WHAT IS NEEDED>
When the line containing "One can go long" is found in the data below, give it again along with every later line, exactly; drop the pictures.

GIVEN DATA>
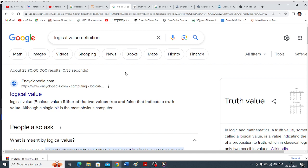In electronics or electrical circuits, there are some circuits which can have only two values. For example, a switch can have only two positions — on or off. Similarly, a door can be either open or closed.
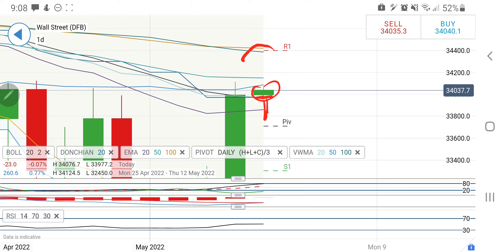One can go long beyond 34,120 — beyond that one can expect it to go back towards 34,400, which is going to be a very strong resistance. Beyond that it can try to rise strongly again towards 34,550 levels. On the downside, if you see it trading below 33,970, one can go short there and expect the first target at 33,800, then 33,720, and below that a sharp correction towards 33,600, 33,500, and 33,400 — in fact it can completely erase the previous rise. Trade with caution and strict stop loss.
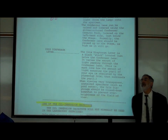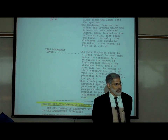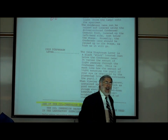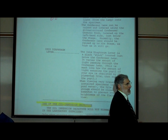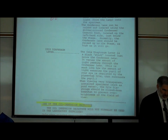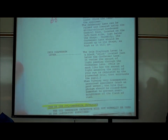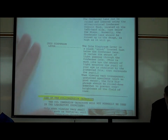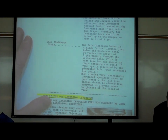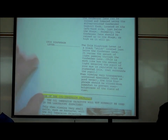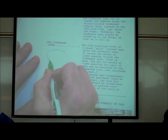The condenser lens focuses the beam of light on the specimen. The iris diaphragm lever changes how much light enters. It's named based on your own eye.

WRITTEN ANSWER>
One can go long beyond 34,120 — beyond that one can expect it to go back towards 34,400, which is going to be a very strong resistance. Beyond that it can try to rise strongly again towards 34,550 levels. On the downside, if you see it trading below 33,970, one can go short there and expect the first target at 33,800, then 33,720, and below that a sharp correction towards 33,600, 33,500, and 33,400 — in fact it can completely erase the previous rise. Trade with caution and strict stop loss.
The condenser lens focuses the beam of light on the specimen. The iris diaphragm lever changes how much light enters. It's named based on your own eye.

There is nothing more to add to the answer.